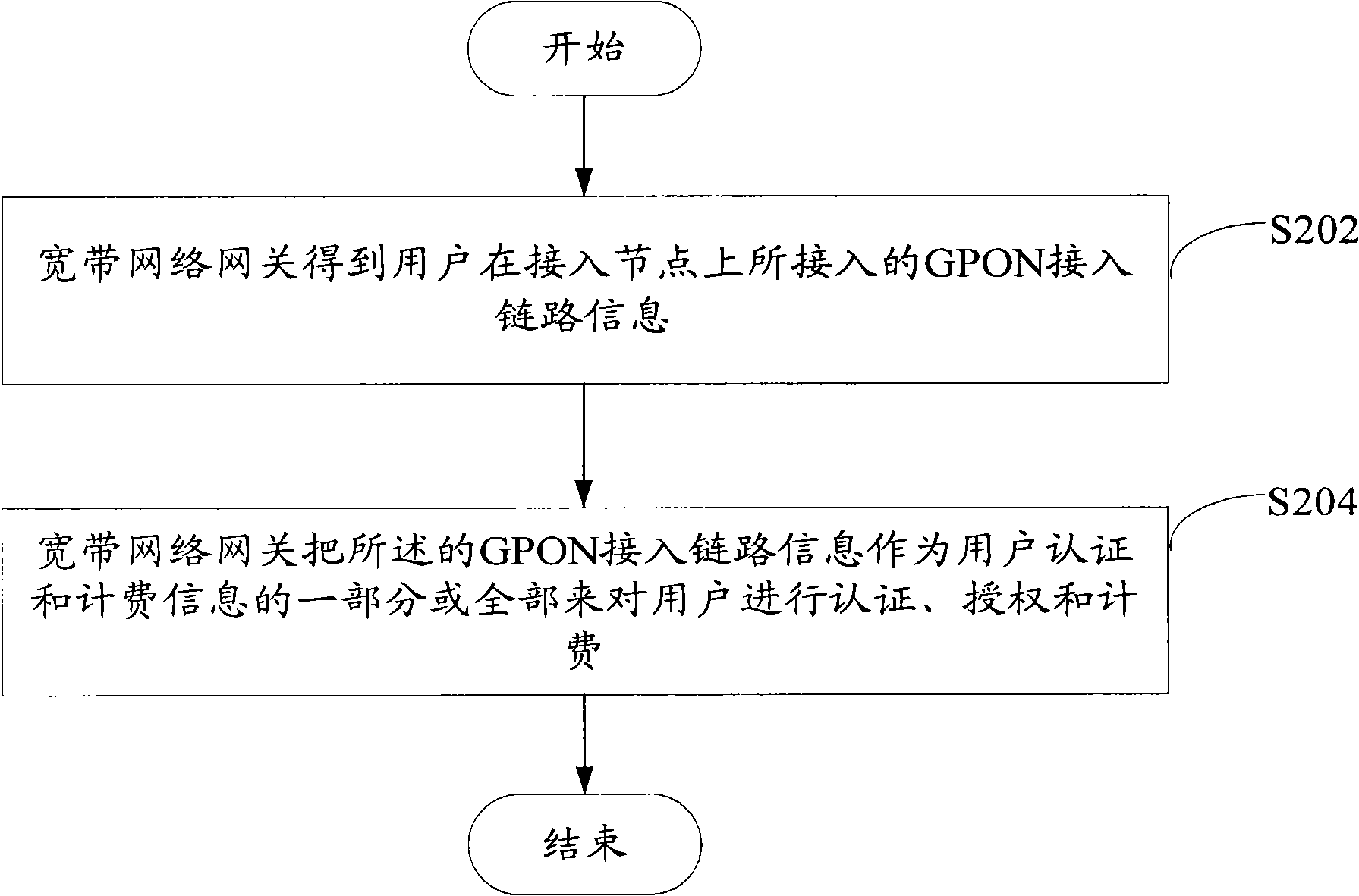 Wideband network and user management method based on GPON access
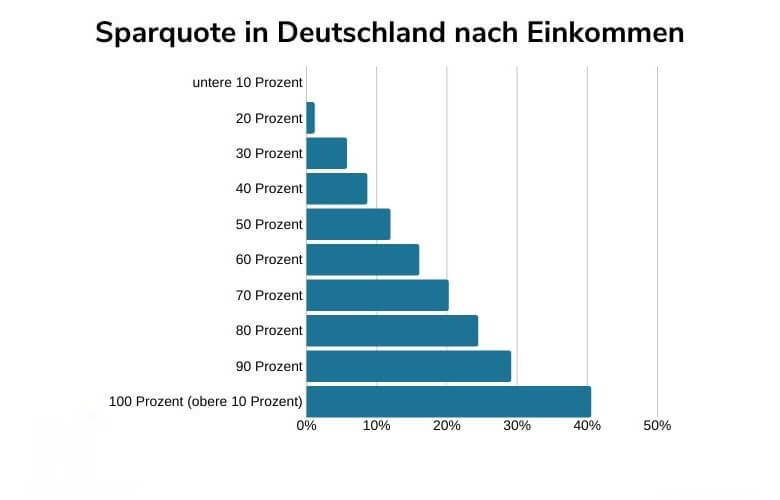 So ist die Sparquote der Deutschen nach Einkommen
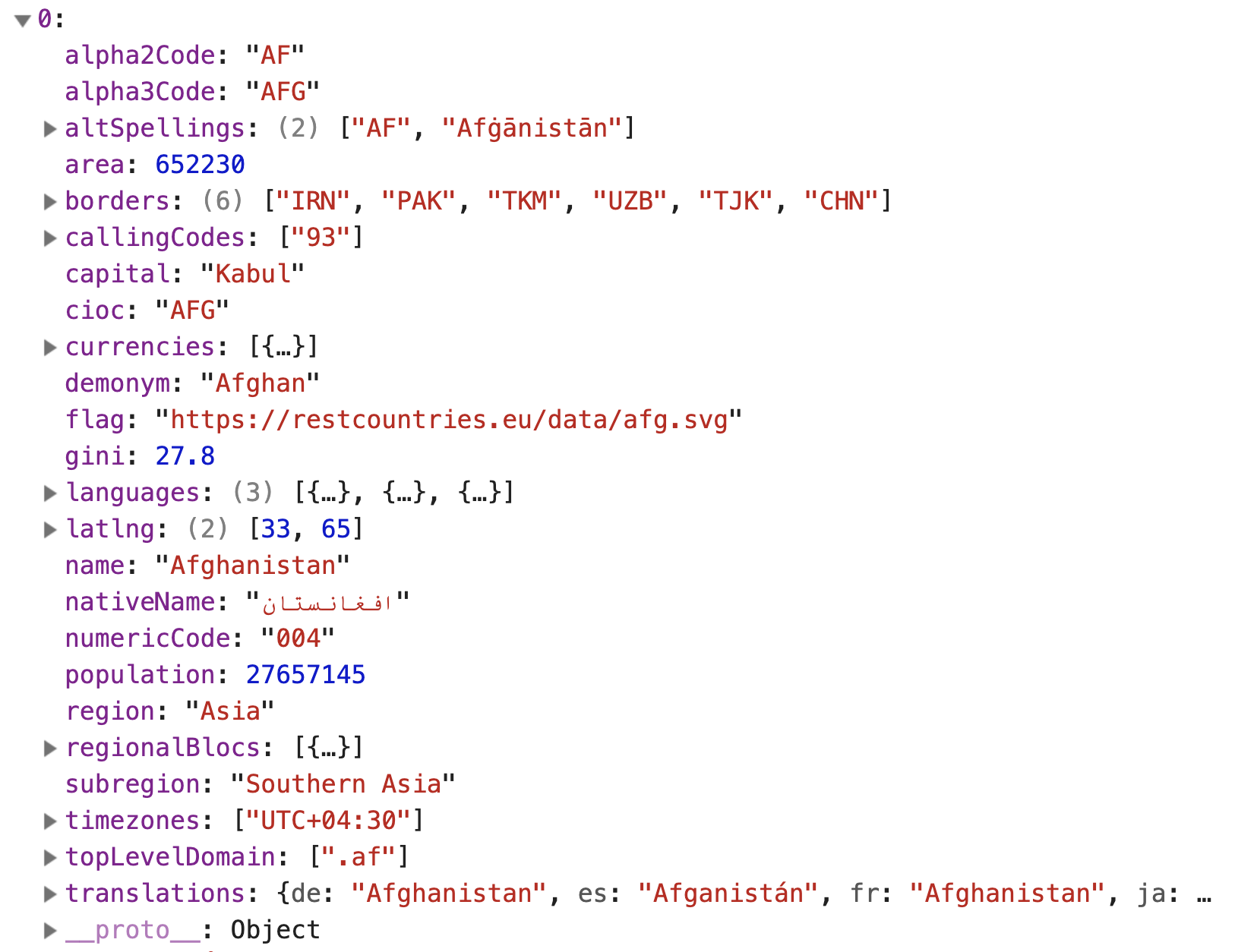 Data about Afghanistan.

--*--

WHAT THIS TASK INVOLVES
Output the listing above exactly, excluding all pictures.

PROBLEM SOLUTION
 Wideband network and user management method based on GPON access
 So ist die Sparquote der Deutschen nach Einkommen
 Data about Afghanistan.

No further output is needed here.